Writing efficient normal distribution function (for learning purposes).

Miles Bader · Feb 19, 2012

Marc said:
This is not to say that -O3 should not be tried, of course. And
possibly -ffast-math if the OP is happy with imprecise (aka wrong)
results.

.... and if "-ffast-math" isn't acceptable itself, it's often still
worth looking at the sub-options which -ffast-math turns on (look in
the gcc manual, it gives a good description of what it does).
"-fno-math-errno" in particular can give some nice speedups by
dropping standards requirements that very few programs actually care
about.

Similarly, one of the options -ffast-math turns on,
"-funsafe-math-optimizations" (which can often yield good speedups)
actually has useful sub-options itself. Of these "-fno-trapping-math"
is not problematic for most programs, and can be very useful, as it
allows gcc to speculate expensive operations like division (because it
knows that they can't result in an exception).

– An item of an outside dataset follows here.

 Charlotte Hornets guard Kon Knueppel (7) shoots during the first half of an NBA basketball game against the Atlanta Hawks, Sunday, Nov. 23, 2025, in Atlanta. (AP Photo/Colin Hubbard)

[What I do is use "-ffast-math" and then _disable_ the individual
sub-options that I don't want...]

-miles

Juha Nieminen · Feb 20, 2012

Marc said:
And
possibly -ffast-math if the OP is happy with imprecise (aka wrong)
results.

How are the results imprecise/wrong when using -ffast-math?

Granted, I don't know every single detail, but I have the impression
that what it does is that it skips some of the most pedantic rules of
IEEE floating point math in favor of faster code. These minute pedantic
rules do not affect the accuracy of the end result in any significant
way (more than what can be expected from floating point values anyways).

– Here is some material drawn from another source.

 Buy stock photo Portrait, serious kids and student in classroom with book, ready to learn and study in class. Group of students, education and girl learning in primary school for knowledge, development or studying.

(I do not know if/how it affects situations where undefined results
are produced, such as NaNs or INFs, or in overflow/underflow situations.
In those cases, however, I don't think -ffast-math is going to screw up
your program, unless it uses non-standard code to specifically check for
those situations.)

Can you provide an example where -ffast-math produces a clearly incorrect
result?

(Triggering a *bug* in gcc does not count. I have personally reported
one such bug, and it was fixed.)

lucacerone · Feb 20, 2012

Thanks Miles, this really improved the speed (doubled it)!
Where can I learn all the tricks I might need about the compiler?

lucacerone · Feb 20, 2012

Thanks to all of you guys, I have had some nice advice from this post!
I do some numerical simulations, but I'm interested in qualitative
rather than quantitative results.
I'd like to know how inaccurate are the results using those math optimization options you were mentioning.

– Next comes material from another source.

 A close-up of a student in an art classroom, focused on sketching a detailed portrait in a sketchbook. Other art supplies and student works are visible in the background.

Also, I'd like to know how you would have written those two functions in order to make them faster.
I have restraint to use vectors, nor any specific type.
I have used vectors because this is what I've read in Stroustrup's book...
I haven't used pointers because I still haven't understood exactly their algebra.
I have passed values by reference to the function because I thought it might be better for memory.

So just to say, I'm trying to learn the various alternative to write function
that are both easy to re-use and fast to evaluate.
So if you think my version can be entirely rewritten, if you have time can you help me understand how???

Thanks a lot for your help again!!!

P.s. slightly OT, some of you could use some markup in their message..
where can I find a list so that I can use it as well?

Miles Bader · Feb 20, 2012

Juha Nieminen said:
How are the results imprecise/wrong when using -ffast-math?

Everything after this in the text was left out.